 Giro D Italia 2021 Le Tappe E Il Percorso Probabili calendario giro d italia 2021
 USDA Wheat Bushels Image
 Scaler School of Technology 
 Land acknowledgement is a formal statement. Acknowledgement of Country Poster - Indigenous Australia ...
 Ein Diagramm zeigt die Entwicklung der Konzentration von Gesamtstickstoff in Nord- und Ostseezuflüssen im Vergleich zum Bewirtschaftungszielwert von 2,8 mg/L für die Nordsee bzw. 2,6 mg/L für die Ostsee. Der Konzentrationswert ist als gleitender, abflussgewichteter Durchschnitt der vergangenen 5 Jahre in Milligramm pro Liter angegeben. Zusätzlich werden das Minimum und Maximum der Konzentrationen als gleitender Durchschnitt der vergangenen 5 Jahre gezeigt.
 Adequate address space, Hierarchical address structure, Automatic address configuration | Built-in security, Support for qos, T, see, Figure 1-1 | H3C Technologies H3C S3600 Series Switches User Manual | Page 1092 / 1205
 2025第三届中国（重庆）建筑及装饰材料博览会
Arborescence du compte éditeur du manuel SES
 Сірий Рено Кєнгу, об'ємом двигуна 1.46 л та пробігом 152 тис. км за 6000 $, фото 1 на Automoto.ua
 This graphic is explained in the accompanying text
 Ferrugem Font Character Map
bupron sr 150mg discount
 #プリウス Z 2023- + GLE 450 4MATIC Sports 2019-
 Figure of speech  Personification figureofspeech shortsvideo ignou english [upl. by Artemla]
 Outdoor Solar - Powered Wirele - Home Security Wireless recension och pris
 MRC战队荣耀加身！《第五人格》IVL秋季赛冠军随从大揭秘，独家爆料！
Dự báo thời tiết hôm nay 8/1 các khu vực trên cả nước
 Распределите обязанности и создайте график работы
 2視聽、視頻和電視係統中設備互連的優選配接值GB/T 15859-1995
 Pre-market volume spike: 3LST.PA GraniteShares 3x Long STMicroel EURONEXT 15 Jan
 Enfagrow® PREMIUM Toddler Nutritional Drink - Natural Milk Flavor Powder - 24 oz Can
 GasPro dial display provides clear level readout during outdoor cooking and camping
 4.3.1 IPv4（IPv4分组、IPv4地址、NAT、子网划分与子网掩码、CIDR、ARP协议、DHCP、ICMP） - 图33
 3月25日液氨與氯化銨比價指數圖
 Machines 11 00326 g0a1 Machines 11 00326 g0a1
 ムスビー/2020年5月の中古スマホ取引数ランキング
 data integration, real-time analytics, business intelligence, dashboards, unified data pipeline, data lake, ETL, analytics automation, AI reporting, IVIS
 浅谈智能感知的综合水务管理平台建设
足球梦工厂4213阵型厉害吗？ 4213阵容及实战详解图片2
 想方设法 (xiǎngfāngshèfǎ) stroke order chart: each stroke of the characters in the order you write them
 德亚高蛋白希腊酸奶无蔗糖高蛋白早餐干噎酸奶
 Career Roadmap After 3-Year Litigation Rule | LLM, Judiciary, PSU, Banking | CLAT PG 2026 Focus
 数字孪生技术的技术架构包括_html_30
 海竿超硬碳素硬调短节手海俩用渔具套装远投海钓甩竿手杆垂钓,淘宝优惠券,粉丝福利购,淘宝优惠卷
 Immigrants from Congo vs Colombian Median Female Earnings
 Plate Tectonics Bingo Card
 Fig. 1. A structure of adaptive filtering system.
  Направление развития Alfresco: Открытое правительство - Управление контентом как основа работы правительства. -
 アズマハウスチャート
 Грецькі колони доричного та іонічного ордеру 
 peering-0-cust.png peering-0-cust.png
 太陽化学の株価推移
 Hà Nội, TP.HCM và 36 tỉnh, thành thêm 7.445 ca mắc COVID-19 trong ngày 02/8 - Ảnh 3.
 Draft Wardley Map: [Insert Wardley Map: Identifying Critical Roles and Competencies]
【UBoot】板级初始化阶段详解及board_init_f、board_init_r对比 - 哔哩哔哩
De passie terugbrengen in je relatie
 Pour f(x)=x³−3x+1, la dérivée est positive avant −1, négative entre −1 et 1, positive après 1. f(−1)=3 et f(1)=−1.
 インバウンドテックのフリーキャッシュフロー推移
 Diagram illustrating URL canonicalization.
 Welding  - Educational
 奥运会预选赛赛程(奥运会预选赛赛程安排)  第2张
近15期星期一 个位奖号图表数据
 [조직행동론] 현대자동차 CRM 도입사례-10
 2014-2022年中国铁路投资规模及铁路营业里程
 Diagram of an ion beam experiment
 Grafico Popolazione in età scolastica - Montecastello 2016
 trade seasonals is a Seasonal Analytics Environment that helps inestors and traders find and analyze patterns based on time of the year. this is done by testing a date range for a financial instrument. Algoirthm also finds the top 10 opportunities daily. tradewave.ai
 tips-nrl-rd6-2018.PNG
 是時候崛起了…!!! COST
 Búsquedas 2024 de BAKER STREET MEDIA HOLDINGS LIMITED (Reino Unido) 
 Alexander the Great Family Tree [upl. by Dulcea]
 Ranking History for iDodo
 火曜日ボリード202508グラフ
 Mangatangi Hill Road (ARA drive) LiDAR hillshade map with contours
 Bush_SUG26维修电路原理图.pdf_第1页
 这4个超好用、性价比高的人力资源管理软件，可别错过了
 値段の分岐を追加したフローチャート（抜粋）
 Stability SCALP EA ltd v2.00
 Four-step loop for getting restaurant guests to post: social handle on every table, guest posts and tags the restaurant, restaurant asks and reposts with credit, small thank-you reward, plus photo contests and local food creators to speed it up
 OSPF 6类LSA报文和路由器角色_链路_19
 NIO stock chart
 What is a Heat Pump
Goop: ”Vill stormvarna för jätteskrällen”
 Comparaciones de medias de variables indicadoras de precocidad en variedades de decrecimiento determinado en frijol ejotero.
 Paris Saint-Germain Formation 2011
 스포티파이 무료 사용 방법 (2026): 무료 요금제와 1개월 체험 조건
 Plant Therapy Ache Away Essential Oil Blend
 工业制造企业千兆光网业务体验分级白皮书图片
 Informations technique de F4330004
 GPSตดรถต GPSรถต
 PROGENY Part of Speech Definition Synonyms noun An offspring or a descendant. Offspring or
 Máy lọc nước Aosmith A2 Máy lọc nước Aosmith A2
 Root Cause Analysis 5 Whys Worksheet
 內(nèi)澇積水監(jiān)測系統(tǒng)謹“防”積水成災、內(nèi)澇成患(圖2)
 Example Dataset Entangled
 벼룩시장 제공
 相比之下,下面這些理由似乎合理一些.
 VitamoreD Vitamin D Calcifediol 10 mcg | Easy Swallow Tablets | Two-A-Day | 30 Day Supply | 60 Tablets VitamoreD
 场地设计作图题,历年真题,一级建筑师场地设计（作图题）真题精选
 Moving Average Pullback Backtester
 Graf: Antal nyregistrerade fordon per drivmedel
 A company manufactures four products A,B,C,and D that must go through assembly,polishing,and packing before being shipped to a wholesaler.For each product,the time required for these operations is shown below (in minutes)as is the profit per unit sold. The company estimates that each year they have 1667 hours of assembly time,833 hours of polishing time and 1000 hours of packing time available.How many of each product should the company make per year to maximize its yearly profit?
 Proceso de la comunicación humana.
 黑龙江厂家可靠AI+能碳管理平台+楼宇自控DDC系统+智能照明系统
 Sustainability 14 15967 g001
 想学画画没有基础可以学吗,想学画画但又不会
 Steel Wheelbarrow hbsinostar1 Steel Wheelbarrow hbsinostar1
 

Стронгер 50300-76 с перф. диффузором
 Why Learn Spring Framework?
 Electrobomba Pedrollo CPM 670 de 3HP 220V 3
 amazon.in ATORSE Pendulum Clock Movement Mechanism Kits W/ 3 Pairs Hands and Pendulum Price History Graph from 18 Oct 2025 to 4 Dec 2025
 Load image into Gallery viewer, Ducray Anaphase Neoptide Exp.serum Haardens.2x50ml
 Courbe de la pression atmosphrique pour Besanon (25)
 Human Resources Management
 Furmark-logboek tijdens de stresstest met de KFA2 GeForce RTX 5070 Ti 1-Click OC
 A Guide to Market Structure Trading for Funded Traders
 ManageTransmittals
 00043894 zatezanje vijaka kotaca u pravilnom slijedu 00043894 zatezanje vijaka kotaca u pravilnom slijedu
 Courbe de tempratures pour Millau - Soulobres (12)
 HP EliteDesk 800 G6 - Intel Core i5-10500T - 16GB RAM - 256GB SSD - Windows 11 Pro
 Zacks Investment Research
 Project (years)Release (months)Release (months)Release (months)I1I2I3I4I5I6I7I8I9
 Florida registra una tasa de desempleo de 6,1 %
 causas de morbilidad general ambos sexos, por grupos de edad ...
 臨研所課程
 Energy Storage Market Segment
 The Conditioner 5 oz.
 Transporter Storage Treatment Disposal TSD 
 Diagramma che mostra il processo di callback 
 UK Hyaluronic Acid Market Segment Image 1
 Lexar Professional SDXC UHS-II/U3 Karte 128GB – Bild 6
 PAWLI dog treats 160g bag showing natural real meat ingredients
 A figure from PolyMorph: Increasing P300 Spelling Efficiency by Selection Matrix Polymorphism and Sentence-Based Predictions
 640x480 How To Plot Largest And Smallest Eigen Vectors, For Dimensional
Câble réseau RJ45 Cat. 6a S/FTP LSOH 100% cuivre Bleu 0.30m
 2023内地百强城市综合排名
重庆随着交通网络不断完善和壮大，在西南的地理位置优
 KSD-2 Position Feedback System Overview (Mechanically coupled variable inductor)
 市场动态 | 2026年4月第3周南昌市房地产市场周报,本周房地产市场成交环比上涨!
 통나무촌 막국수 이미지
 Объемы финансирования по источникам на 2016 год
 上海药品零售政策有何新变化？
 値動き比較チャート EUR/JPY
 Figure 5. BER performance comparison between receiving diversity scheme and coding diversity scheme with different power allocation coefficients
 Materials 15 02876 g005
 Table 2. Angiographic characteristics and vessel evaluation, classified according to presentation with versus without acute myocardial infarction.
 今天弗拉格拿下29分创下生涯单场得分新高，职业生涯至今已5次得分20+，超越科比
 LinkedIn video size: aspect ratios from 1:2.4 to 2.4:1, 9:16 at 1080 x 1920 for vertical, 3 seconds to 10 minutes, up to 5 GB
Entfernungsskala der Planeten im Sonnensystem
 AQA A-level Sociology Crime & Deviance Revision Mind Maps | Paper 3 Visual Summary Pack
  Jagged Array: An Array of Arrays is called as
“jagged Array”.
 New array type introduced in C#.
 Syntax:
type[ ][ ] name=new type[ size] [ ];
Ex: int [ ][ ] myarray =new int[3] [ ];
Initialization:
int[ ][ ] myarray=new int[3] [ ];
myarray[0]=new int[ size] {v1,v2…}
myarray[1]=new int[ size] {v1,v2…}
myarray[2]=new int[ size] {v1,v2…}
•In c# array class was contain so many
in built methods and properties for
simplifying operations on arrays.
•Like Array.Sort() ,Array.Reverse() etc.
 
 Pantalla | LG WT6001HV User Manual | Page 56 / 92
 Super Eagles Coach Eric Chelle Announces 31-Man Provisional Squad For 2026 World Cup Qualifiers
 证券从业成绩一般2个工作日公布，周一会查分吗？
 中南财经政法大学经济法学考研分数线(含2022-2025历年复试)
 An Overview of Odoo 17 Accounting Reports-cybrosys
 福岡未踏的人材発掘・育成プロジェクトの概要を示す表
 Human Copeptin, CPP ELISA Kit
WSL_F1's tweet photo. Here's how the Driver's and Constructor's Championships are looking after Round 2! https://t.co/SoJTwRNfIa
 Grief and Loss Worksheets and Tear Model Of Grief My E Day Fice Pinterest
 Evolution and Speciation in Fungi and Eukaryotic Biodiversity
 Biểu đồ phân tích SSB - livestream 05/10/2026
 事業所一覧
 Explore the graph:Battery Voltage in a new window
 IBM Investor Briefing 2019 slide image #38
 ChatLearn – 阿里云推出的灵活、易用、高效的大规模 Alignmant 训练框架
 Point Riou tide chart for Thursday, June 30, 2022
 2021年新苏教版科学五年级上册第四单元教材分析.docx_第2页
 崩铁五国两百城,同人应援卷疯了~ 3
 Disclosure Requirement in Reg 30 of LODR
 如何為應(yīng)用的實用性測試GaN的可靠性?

________________________________________

- [TASK OBJECTIVE]: Start with the line above that contains "Example Dataset Entangled" and stop after the line that contains "Graf: Antal nyregistrerade". Output those lines exactly, and only those.

- [EXERCISE OUTPUT]:
 Example Dataset Entangled
 벼룩시장 제공
 相比之下,下面這些理由似乎合理一些.
 VitamoreD Vitamin D Calcifediol 10 mcg | Easy Swallow Tablets | Two-A-Day | 30 Day Supply | 60 Tablets VitamoreD
 场地设计作图题,历年真题,一级建筑师场地设计（作图题）真题精选
 Moving Average Pullback Backtester
 Graf: Antal nyregistrerade fordon per drivmedel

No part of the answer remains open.